MA Music: Musicology pathway
The Musicology pathway is designed to develop students' skills across a wide variety of musicological methods, theories and approaches, and to provide balanced and comprehensive training for those who wish to pursue future research degrees.
All MA in Music students take an introductory course in Research Skills for Musicians during the first semester. Source Study introduces students to different categories of musicological sources and discusses issues arising from these. It acquaints students with the nature of source materials for different repertoires and with the ways in which these may inform performance or musicological approaches to those repertoires.
Two "Readings and Repertoires" units introduce students to a wide variety of topics and approaches. Every discipline has its ‘state of the art’. The intellectual positions, debates and contentions, creative and interpretive practices of today are founded both on primary sources – which might come from a wide range of historical and cultural origins – and on the cumulative network of understandings and responses leading to the present day. These foundational units build your knowledge and understanding and engagement in that state of the art.
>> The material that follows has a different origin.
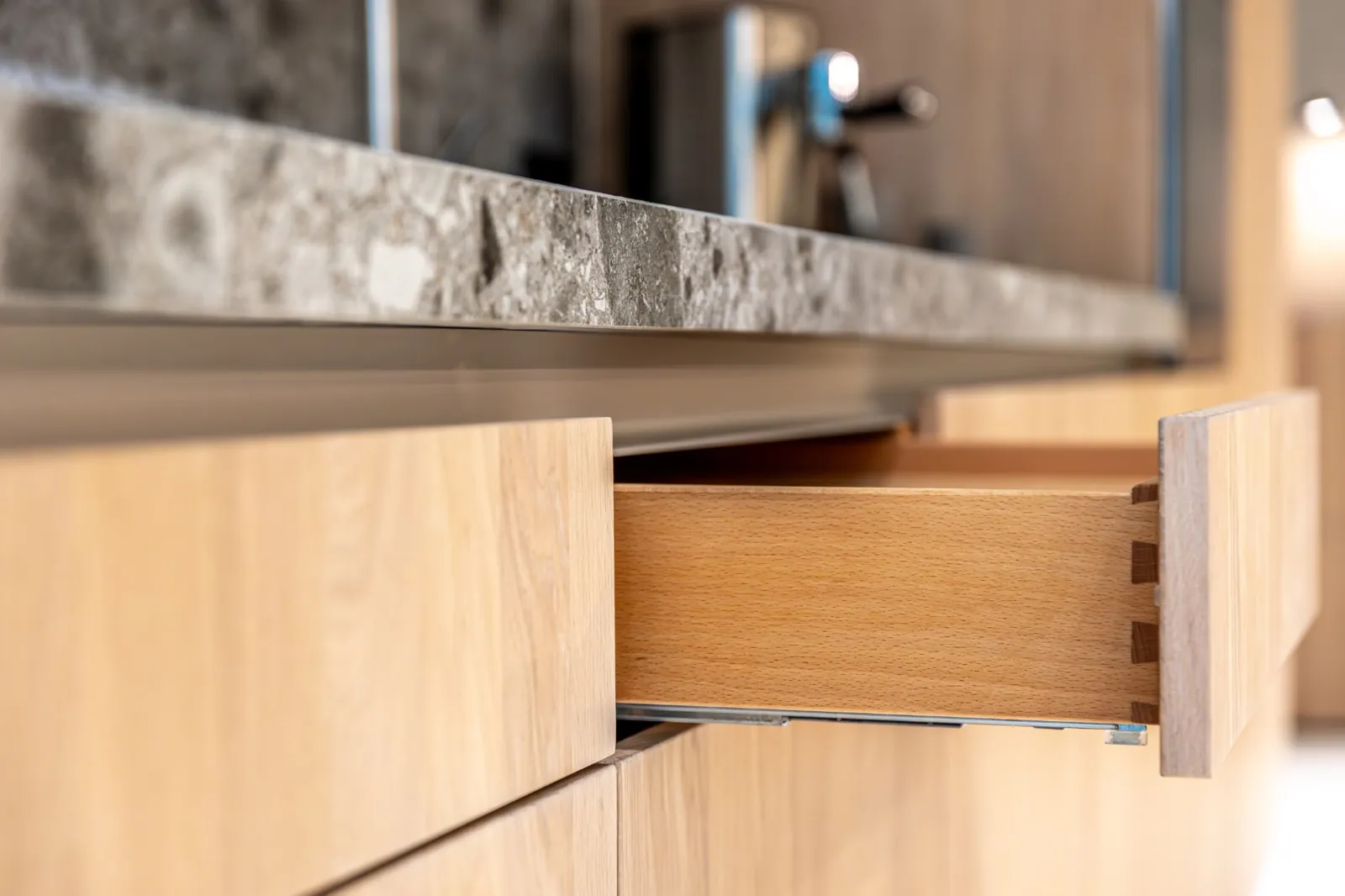 Holzschublade mit Griffleiste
Together with these mandatory units, all Musicology pathway students are offered a choice of optional units in the Music Department.
In the course of these units, you will come into contact with the specialised research areas of members of staff in the Department, and start to formulate a topic for your own dissertation, written in the summer.
Main features
- Weekly research seminar series given by resident and guest speakers in the Music Department as well as regular seminars elsewhere in the Faculty of Arts.
- Specialist supervision from academics with research interests from the 9th to the 21st Centuries.
- Units tailored to provide the grounding for further study.
- Emphasis on small-group discussion.